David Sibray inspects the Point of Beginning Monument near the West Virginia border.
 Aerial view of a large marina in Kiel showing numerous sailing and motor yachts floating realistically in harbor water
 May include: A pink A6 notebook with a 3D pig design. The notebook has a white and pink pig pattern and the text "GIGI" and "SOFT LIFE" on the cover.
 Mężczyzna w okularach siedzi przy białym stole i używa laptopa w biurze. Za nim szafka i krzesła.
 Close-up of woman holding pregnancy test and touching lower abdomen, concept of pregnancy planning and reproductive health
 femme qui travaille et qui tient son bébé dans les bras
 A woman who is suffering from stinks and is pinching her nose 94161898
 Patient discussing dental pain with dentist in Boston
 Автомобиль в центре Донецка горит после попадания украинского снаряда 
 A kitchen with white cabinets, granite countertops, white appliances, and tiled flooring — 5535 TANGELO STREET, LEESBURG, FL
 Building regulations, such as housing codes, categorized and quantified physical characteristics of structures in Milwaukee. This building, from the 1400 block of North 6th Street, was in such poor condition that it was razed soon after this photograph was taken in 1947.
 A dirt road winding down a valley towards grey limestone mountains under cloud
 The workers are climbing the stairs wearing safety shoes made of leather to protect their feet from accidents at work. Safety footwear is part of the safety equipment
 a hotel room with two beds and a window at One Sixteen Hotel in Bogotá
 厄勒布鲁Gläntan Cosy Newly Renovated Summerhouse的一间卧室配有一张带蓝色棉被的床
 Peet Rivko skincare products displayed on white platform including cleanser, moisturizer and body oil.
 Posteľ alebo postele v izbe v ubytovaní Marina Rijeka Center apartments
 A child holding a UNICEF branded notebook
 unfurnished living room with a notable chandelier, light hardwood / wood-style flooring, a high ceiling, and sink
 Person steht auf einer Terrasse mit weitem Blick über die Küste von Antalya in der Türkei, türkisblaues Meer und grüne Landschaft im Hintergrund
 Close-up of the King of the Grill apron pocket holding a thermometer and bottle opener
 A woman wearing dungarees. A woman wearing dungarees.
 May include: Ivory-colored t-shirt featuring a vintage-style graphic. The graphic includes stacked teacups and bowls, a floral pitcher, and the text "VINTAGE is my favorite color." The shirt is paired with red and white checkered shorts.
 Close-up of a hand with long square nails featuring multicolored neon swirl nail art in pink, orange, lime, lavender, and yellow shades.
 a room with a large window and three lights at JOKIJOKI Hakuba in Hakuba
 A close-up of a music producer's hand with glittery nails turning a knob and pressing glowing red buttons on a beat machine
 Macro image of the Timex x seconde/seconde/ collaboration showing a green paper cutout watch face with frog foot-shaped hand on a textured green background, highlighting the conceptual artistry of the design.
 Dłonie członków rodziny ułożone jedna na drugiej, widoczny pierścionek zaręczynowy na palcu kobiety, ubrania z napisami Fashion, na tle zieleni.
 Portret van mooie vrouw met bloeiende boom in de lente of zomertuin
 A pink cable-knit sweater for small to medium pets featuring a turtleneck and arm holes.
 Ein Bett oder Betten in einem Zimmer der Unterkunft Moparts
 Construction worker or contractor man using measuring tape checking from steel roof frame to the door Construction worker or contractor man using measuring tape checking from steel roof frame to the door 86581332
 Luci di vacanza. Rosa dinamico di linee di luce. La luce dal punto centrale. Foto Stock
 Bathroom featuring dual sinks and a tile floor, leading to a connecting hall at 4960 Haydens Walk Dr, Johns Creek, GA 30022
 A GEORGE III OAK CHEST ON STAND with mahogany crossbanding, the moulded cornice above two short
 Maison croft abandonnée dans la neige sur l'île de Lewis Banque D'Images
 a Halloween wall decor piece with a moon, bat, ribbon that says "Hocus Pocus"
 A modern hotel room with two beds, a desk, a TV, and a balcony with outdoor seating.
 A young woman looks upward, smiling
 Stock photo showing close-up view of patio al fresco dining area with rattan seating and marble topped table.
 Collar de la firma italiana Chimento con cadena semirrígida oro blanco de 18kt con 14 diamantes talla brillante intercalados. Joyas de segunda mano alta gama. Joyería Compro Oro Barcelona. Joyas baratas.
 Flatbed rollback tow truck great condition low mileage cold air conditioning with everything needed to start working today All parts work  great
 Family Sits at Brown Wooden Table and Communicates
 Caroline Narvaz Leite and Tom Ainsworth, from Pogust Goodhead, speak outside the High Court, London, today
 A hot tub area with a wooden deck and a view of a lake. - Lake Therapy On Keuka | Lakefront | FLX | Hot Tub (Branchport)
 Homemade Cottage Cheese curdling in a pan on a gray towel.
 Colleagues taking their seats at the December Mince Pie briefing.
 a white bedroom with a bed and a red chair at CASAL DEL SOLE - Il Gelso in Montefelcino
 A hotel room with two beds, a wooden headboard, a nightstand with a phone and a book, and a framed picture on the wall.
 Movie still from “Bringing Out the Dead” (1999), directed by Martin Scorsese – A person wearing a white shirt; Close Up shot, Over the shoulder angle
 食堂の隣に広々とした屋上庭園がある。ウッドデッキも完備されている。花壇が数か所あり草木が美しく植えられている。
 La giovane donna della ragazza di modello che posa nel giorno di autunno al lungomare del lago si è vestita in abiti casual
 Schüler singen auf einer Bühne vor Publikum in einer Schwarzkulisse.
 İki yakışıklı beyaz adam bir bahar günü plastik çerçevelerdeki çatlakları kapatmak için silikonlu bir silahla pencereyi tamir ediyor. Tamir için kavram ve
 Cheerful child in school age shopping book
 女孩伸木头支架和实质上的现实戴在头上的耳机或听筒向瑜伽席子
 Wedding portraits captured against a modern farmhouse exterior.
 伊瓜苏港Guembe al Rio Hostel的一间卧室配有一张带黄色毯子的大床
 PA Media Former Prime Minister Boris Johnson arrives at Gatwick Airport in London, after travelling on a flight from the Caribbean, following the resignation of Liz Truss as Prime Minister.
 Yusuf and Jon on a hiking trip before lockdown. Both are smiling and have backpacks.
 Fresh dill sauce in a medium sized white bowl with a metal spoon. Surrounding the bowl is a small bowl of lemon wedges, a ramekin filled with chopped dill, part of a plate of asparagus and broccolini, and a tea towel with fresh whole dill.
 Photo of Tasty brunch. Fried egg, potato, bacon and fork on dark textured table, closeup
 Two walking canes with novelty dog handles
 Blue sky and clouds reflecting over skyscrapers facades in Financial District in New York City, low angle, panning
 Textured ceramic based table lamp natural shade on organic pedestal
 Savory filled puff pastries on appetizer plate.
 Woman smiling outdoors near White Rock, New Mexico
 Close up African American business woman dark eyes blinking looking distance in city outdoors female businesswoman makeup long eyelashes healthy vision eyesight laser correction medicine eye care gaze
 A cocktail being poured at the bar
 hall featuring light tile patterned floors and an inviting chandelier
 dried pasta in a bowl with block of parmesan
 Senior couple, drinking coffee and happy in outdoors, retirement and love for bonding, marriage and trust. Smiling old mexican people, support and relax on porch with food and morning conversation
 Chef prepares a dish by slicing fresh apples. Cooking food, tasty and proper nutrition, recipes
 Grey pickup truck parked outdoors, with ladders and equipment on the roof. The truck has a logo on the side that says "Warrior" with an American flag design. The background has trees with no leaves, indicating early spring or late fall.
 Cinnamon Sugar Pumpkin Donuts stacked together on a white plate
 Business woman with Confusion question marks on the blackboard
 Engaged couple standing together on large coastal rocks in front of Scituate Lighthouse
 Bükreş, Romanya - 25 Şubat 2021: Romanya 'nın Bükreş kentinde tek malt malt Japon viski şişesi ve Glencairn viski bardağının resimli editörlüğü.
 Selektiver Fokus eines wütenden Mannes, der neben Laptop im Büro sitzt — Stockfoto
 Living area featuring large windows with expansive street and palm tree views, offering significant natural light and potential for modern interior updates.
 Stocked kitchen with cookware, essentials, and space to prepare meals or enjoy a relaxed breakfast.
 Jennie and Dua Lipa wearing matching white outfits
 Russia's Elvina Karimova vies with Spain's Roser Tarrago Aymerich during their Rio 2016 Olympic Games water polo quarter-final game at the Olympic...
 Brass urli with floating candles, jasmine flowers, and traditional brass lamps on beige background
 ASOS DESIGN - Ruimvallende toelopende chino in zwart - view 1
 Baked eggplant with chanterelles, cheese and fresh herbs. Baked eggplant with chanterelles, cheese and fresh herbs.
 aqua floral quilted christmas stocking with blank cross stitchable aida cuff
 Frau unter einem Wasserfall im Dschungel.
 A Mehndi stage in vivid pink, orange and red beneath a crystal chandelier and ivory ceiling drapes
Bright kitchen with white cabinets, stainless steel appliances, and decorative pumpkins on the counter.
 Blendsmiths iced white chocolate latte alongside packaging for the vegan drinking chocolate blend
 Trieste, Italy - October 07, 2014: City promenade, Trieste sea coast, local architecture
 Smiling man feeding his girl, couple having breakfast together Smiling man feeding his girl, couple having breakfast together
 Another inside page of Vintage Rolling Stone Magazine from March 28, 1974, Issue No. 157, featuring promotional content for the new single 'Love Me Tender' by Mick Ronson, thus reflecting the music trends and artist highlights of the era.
━━━━━━━━━━
What you need to do:
Each line containing the word "background" must be pulled from the listing and copied.

The completed task:
 Macro image of the Timex x seconde/seconde/ collaboration showing a green paper cutout watch face with frog foot-shaped hand on a textured green background, highlighting the conceptual artistry of the design.
 Grey pickup truck parked outdoors, with ladders and equipment on the roof. The truck has a logo on the side that says "Warrior" with an American flag design. The background has trees with no leaves, indicating early spring or late fall.
 Brass urli with floating candles, jasmine flowers, and traditional brass lamps on beige background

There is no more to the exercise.